## What is needed
The lines from the one holding "Search for mosaics badges Spanish" to the final line of the listing below are to be duplicated exactly, with both ends included and pictures omitted.
↓↓↓
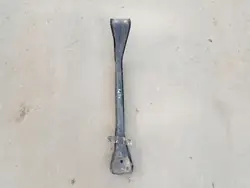Voorremblokken OEM AGR471 voor Suzuki Splash
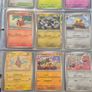 Pokemon Cards Image 6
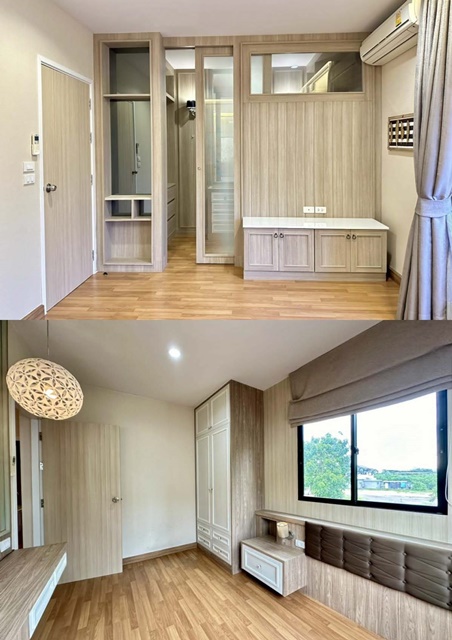 ประกาศฟรี! ซื้อ-ขาย-เช่า คอนโด บ้าน ทาวน์โฮม ที่ดิน และพื้นที่เชิงพาณิชย์ทั่วประเทศไทย ทุกทำเล ทุกงบประมาณ ไม่มีค่าใช้จ่าย ลงง่าย ขายไว เข้าถึงผู้ซื้อโดยตรง 5 193090pic4.jpg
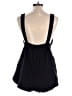 Unbranded 100% Polyester Black Romper Size L - photo 2
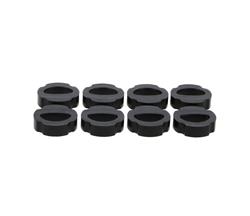 Wiseco Pistons K702M8625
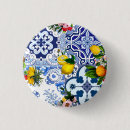 Search for mosaics badges Spanish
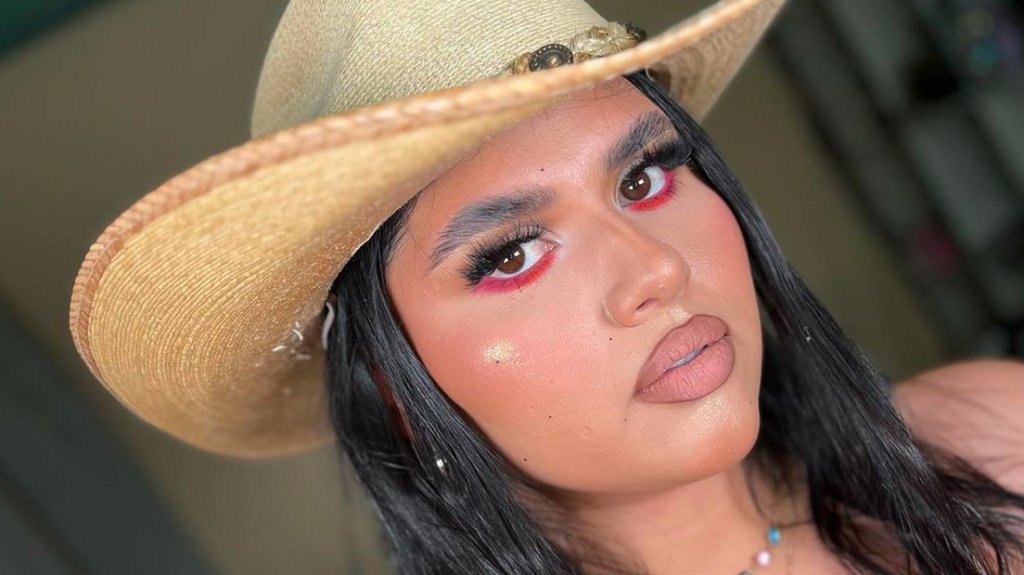  Encuentran cuerpo de influencer desaparecida y seis cadáveres más en Michoacán, México 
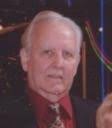 Robert J Riggle Obituary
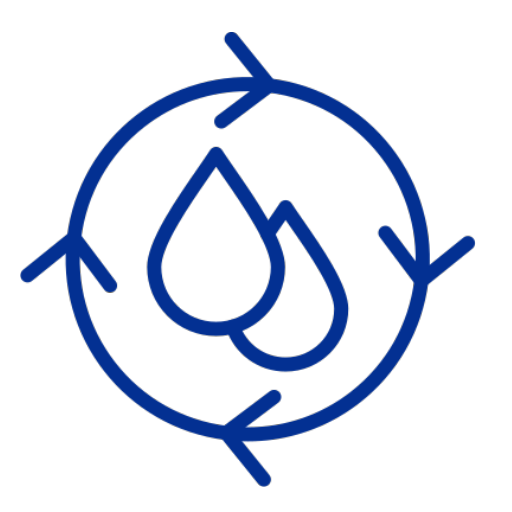 JetFlux image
↑↑↑
## Exercise response
 Search for mosaics badges Spanish
  Encuentran cuerpo de influencer desaparecida y seis cadáveres más en Michoacán, México 
 Robert J Riggle Obituary
 JetFlux image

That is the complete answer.